I would definitely call myself a nerd. Proudly, I call myself a nerd. I’m a huge fan of Sailor Moon, Harley Quinn, shipping Rogue and Gambit, Alice in Wonderland, Terry Pratchett and Neil Gaiman’s Sandman series. I have prints all over my rooms, collectors books all up in my shelves, t-shirts and bags and shoes all splattered crazy with their faces and logos and quotes. I know stupid amounts of obscure trivia and I don’t find that weird. I love to talk to other nerds, to dress up with other nerds and congregate with other nerds to celebrate the awesomeness that is a shared love of  imagination and creativity.

So, of course, this past week I went back to Denver Comic Con. This was my third con, and it was also the second time I got to meet one of my favorite authors, Frank Beddor, of The Looking Glass Wars series. If you remember my last post about Frank, I cannot begin to explain what he has meant to me as an author.
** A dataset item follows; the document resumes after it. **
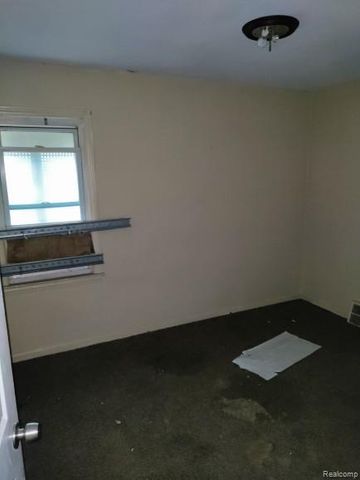 17305 Winston Street, Detroit, MI 48219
Pratchett may have made me love stories, and make me want to write, but Beddor taught me what a person could do with fairy-tale re-tells. With female warriors who weren’t part of a satirical world. He got me legitimately interested in trying out my own stories, knowing that it had been done. Could be done.
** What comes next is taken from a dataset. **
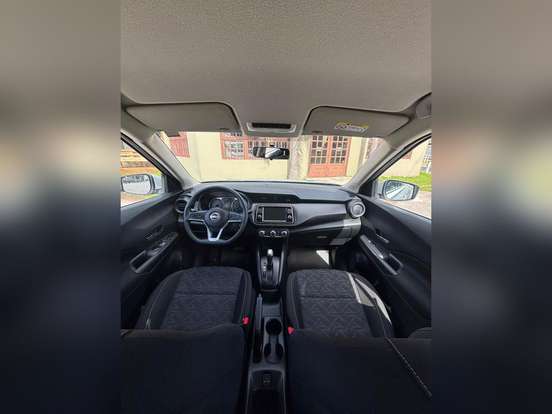 NISSAN-KICKS-2023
And this time, I didn’t nearly pass out on him (If you remember, last time I didn’t recognize him and so humiliated myself by fangirling about the series right to his face before almost breaking into hysterics and making a crying face at the camera). I was able to thank him, properly. I got another two(!) signatures and a picture to add to my little Wonderland wall (which is the featured image, also has a bunch of framed Kevin Eslinger art along with it, and the Alyss and Redd from Beddor’s series). Without him, ‘Once Upon a Reality’ wouldn’t have happened. And after seeing him again, and enjoying all of the amazing artists at DCC’15, I’m even more fired up about my upcoming projects.

I can’t wait to make some reader, someday, as excited to see me as I was excited to meet Beddor. That’s my new goal, going forward. Wish me luck!